---------- Records supplied ----------

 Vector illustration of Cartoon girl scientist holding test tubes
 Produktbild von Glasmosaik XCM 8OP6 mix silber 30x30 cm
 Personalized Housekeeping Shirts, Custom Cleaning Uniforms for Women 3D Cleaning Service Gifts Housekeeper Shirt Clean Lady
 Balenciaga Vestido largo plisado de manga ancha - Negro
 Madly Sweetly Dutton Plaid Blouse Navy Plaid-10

----------
---------- Records supplied ----------

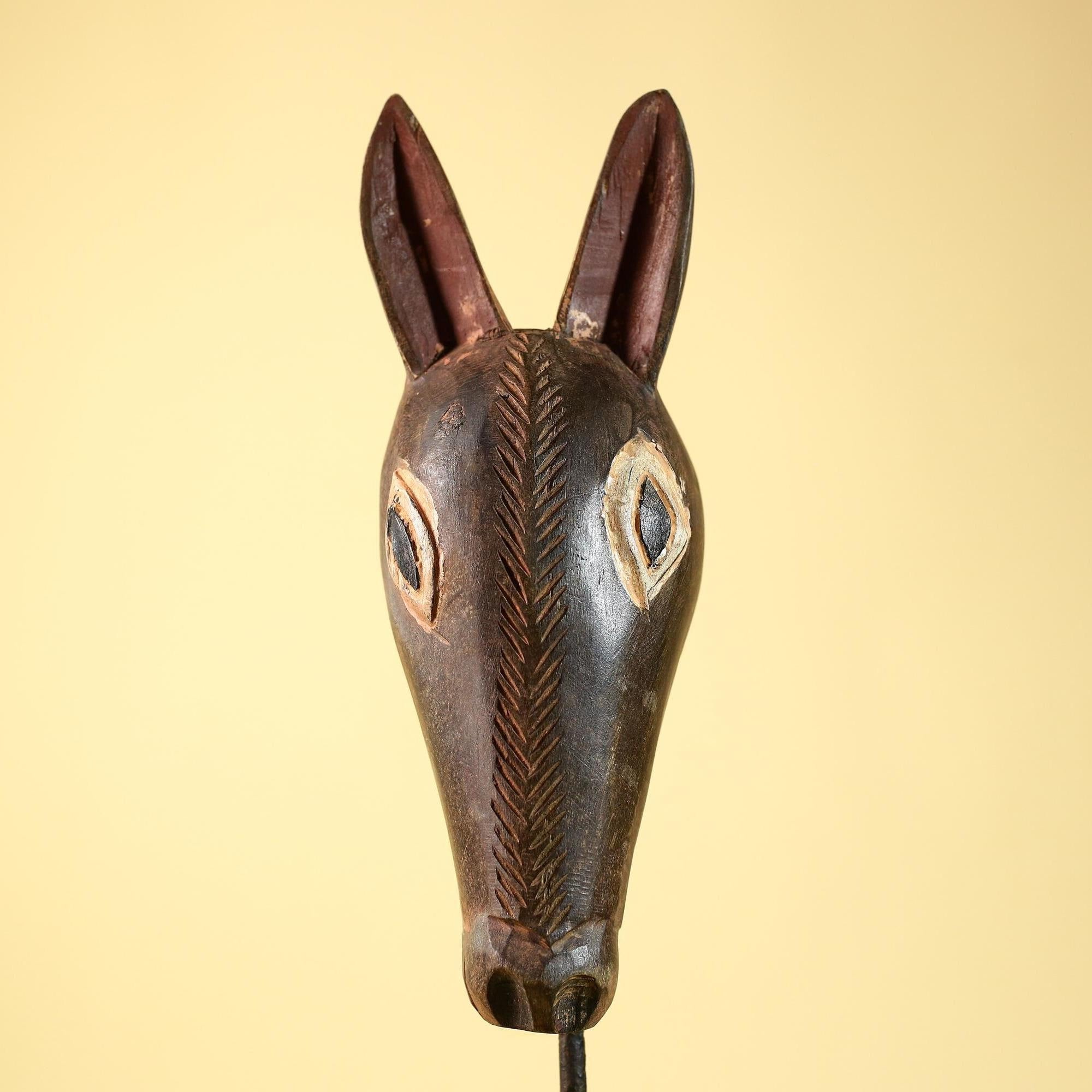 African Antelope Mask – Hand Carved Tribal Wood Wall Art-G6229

----------

● What you are asked to do: Please return the lines above that run from the line containing "Balenciaga Vestido largo" to the line containing "Madly Sweetly Dutton", inclusive, exactly and with no other lines.

● Written answer:
 Balenciaga Vestido largo plisado de manga ancha - Negro
 Madly Sweetly Dutton Plaid Blouse Navy Plaid-10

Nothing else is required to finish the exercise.